(Web page caption snippets)
· · ·

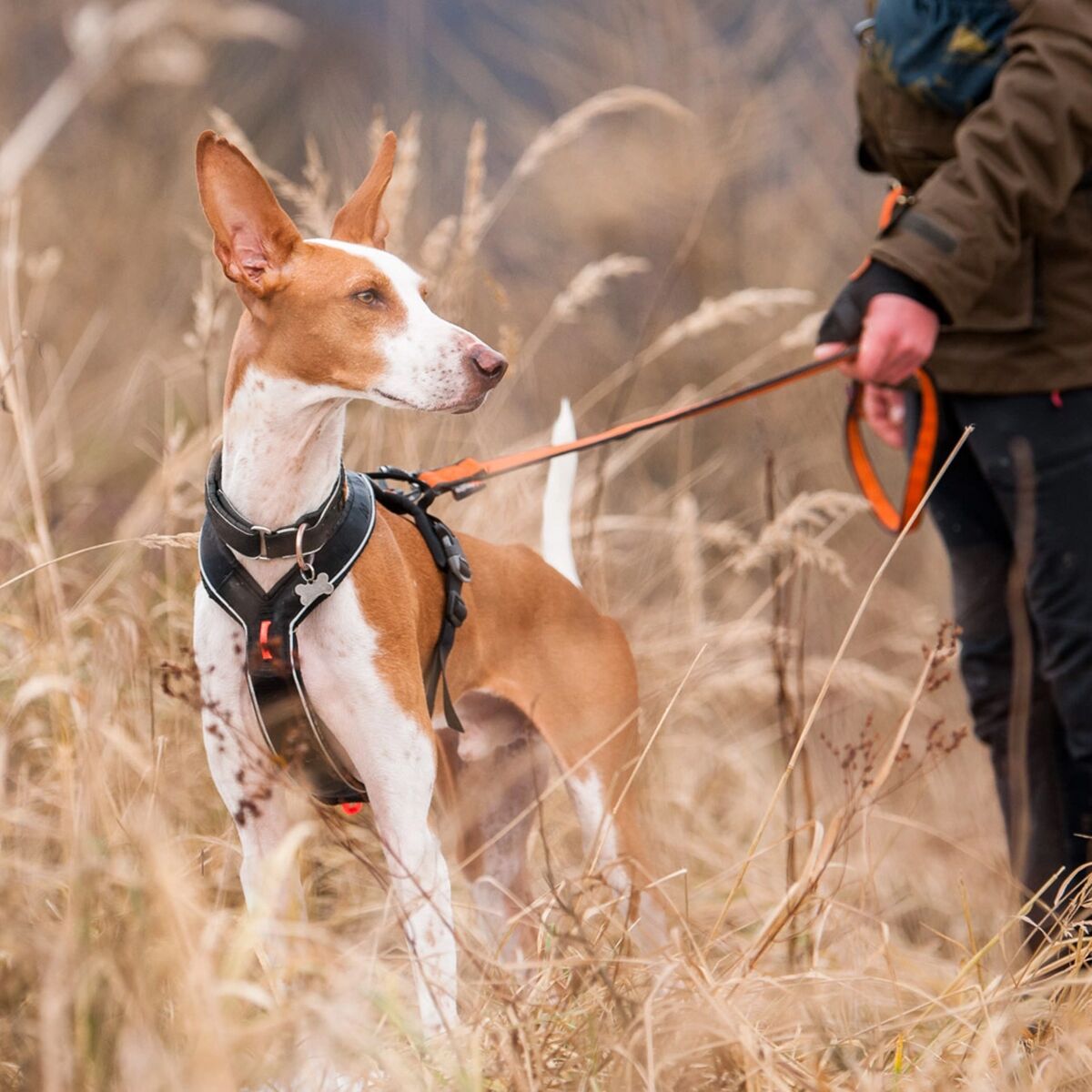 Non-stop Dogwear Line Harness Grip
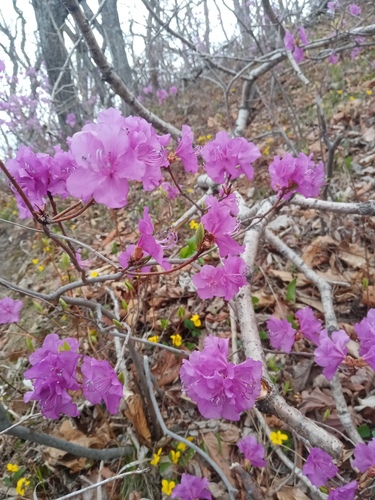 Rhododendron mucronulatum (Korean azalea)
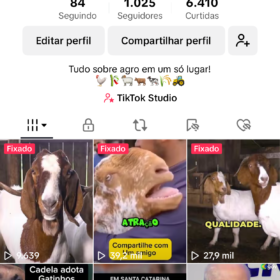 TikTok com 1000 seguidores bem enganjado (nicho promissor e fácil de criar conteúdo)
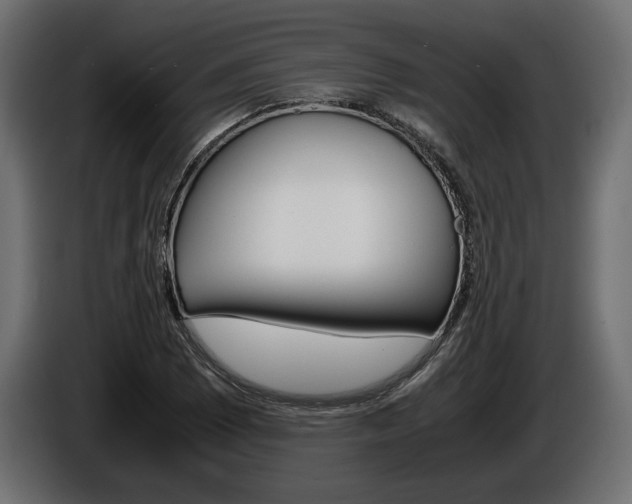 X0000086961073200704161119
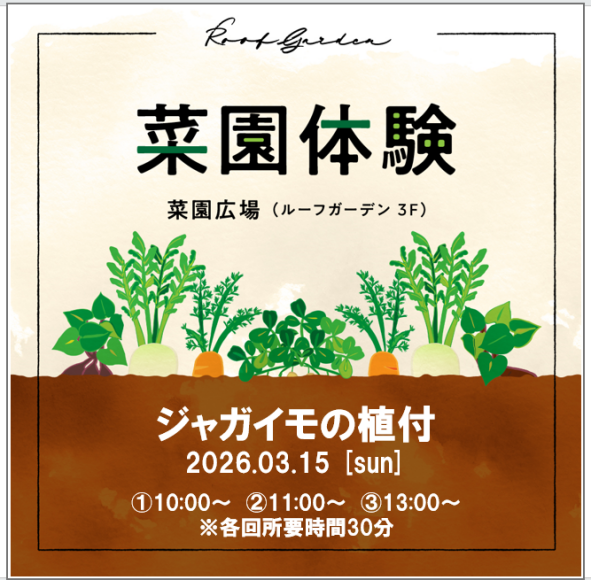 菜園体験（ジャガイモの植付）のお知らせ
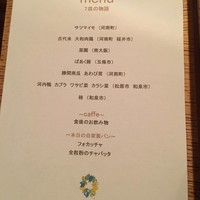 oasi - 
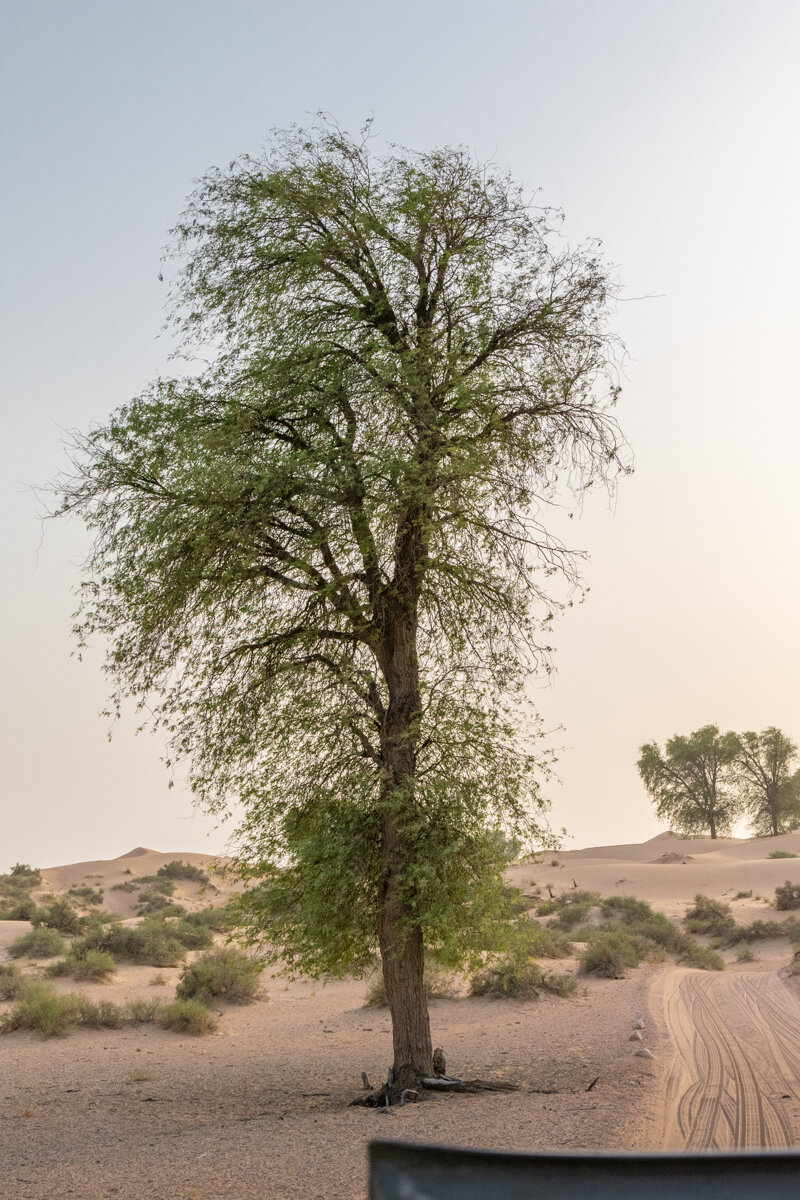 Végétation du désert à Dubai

· · ·

* Task directions
For this exercise, return every entry verbatim and omit all pictures.

* Response to the exercise
 Non-stop Dogwear Line Harness Grip
 Rhododendron mucronulatum (Korean azalea)
 TikTok com 1000 seguidores bem enganjado (nicho promissor e fácil de criar conteúdo)
 X0000086961073200704161119
 菜園体験（ジャガイモの植付）のお知らせ
 oasi - 
 Végétation du désert à Dubai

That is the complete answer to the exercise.